List<Node> nodes = GetFlatNodesWithoutChildrenSetFromDatabase();

The fields left, right and id get filled, since these values are stored in some database.

What is an efficient way to transform this flat list into a hierachy, that means filling in the appropriate children nodes for each parent node?

One way is just to find all ancestors of each node, sort them to find the parent node and add the child node to that node.

foreach (var n in nodes)
{
    var parent = nodes.Where(i => i.left < n.left && i.right > n.right).OrderBy(i => i.right - n.right).FirstOrDefault();
    if (parent != null)
        parent.AddChild(n);
}

But this is rather inefficient.

Is there a better (that means faster) approach?

EDIT

Possible solution (as suggested by Chris):

var stack = new Stack<Node>(nodes.Take(1));
foreach (var n in nodes.Skip(1))
{
    while (stack.Peek().right < n.left)
        stack.Pop();

    stack.Peek().addChild(n);
    stack.Push(n);
}

Nodes have to be ordered by left.


Solution

  • The method I might think about exploring is to order by left and then you can just iterate through once.

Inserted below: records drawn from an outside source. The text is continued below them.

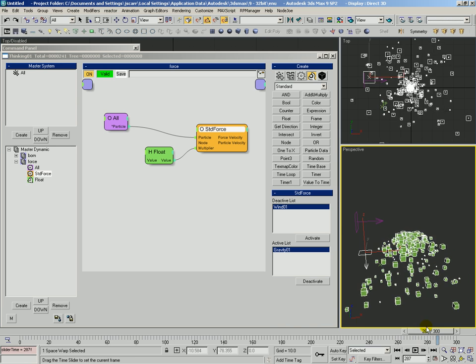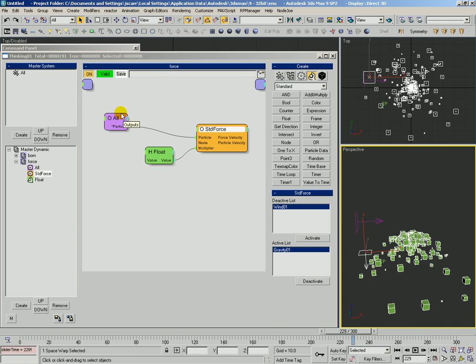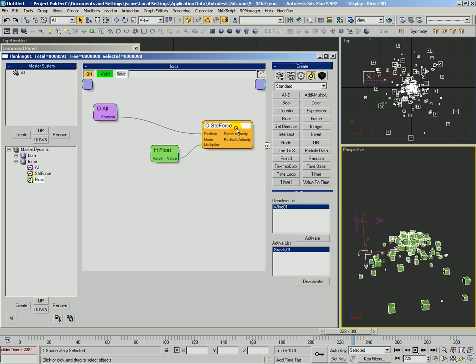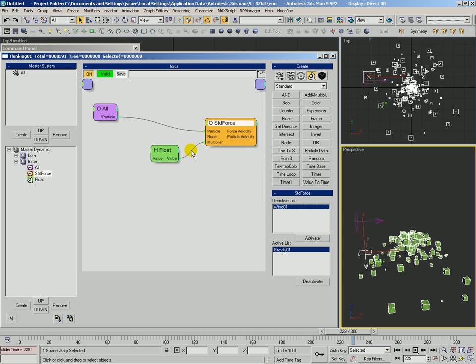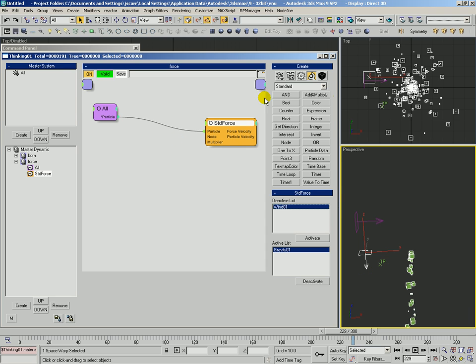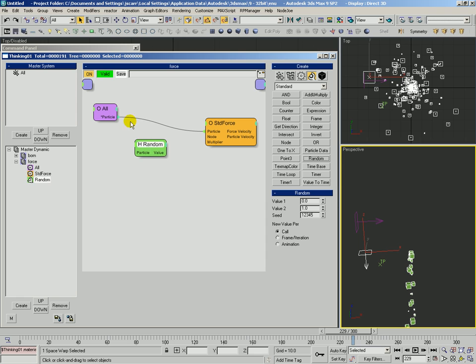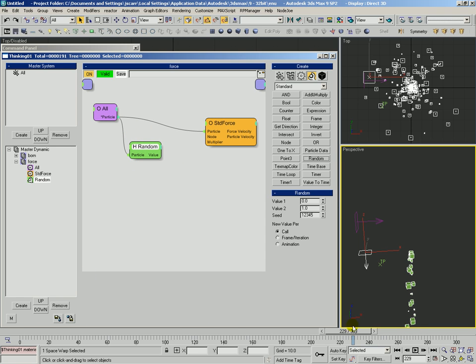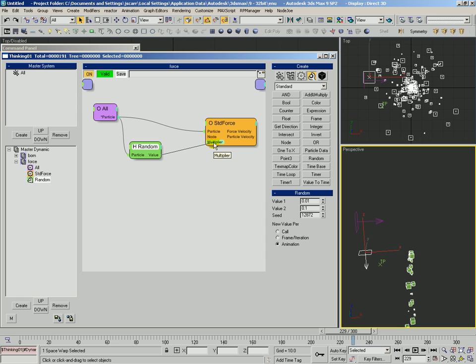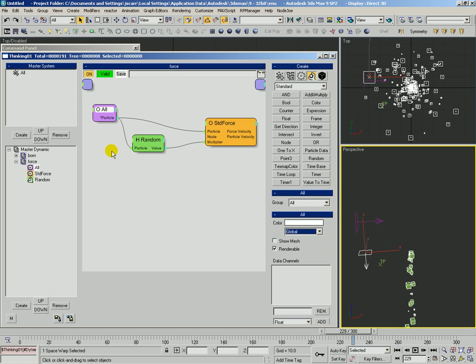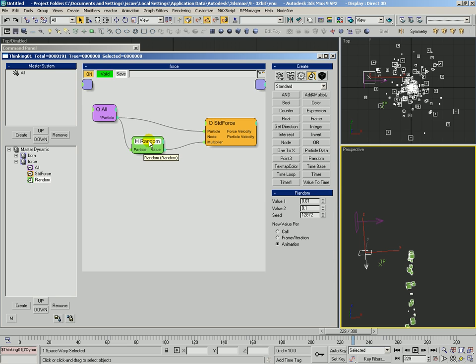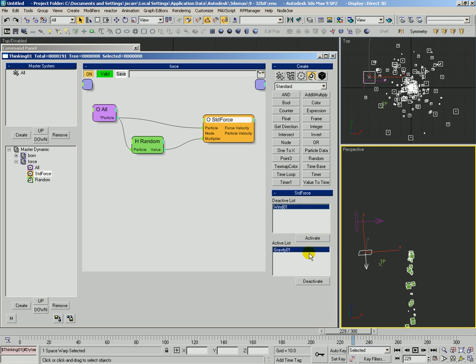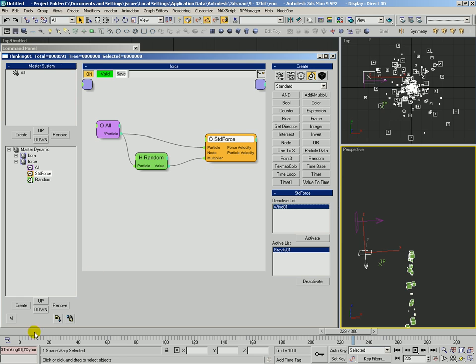Now they don't get pulled down so strong. Let's say we want to change this up and give every particle a random value to use. We'll hold Alt and right-click that float to get rid of it. We'll click the random helper and drop him out here. We want to generate a random value per particle, so we'll make that particle input connection. We only want each particle to calculate a new random value once during the whole animation, so we'll set his new value per to animation. The value 1 defines the lower range, we'll say 0.01. The value 2 is the high range, we'll say 0.1. We'll give him a new random seed. Then we'll connect this random value into the multiplier. So every particle is calculating a random value himself and using that value only once during the animation as his gravity force. This gravity force is being applied every time step.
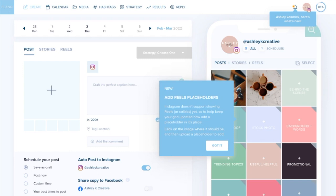Although Instagram doesn't support showing reels yet on your grid, you can now add in a placeholder where you have that reel on your Instagram grid so that you can really visualize your grid when you're planning it out with your posts and your reels all in one on your planned workspace.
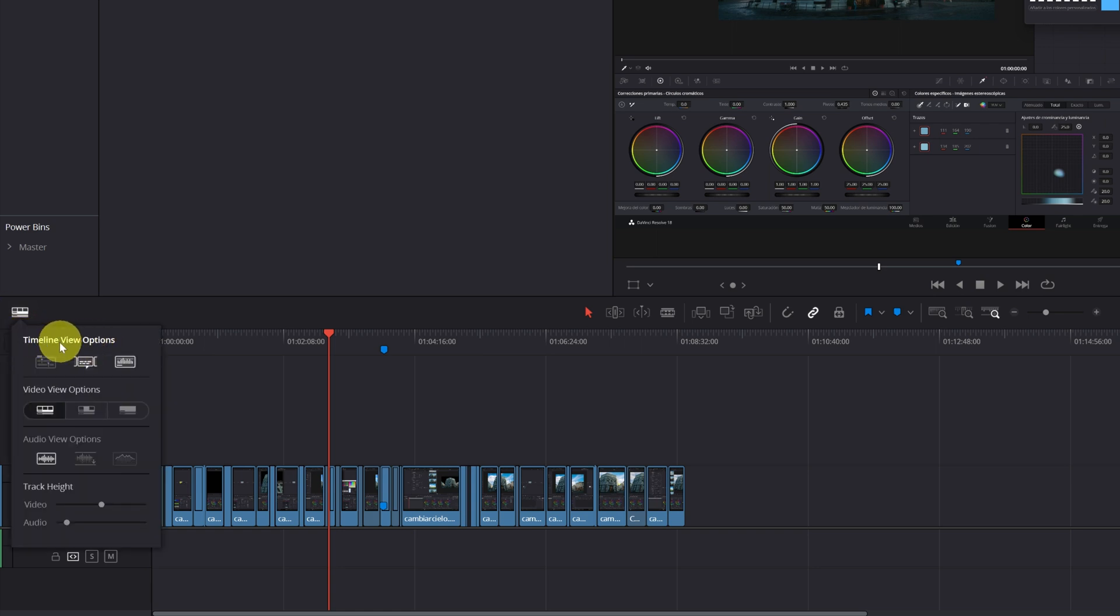In the Timeline View Options, we have to activate the first icon of all, Stacked Timelines.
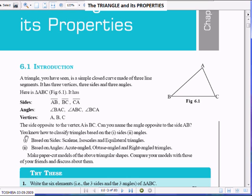Now, based on the sides, let us classify the triangle based on the sides and then the angles. Based on sides, we know that a scalene triangle is a triangle in which no three sides are equal, meaning all three sides are different. That is, AB is not equal to BC, which is not equal to CA.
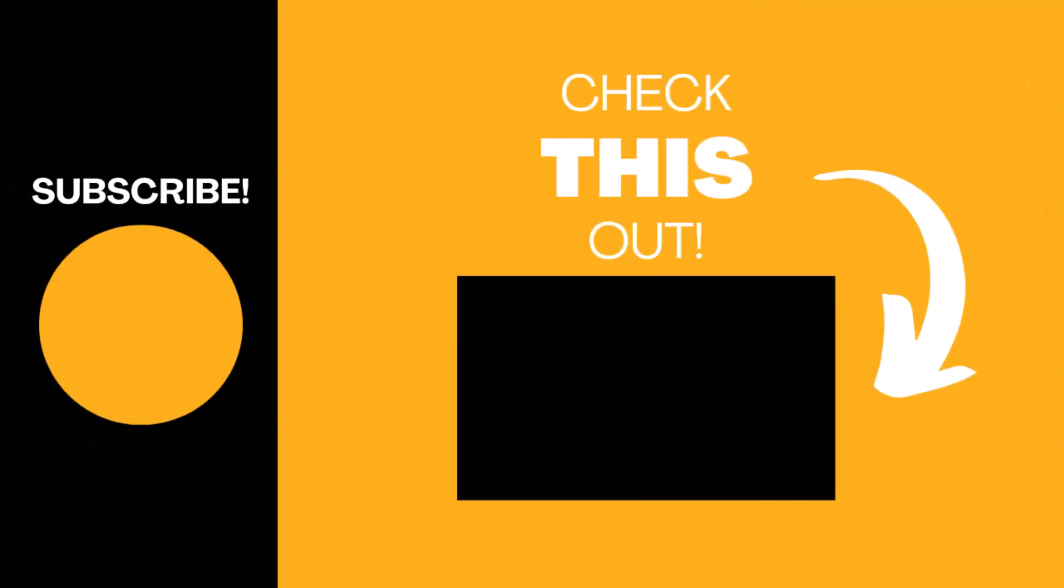Hopefully you found this video useful. If so, please like the video and subscribe to my channel for more top tech tips.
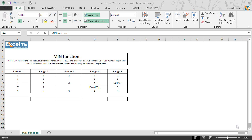Hello and welcome back to the Excel tip videos. Today in this video, we will show you how to use the MIN function in Excel.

    You "open" a node when you get to its left and stick it on a stack.

    When you get to a new node to process you check if the node on the top of the stack should be closed by determining if its right is less than the new nodes left. If it is you remove it from the stack (closing it) and you have processed all its children. You then do the check for the new top of the stack til you find one that is still open. You then add the current node as a child to the node on the top of the stack and that node is then opened (so it goes on the top of the stack).

    The diagram on the wikipedia page you linked (http://en.wikipedia.org/wiki/Nested_set_model) is what inspired me to this.

    Nested Set Diagram

    My algorithm basically travels down the line in the middle and whenever you enter one of the sets is what I refer to as opening and leaving a set is closing. Clearly the most recent set you have opened but not closed will be on the top of the stack and thus where you put the children.

    I think the complexity of this should be O(nlogn) due to the sort. The rest of it is just O(n).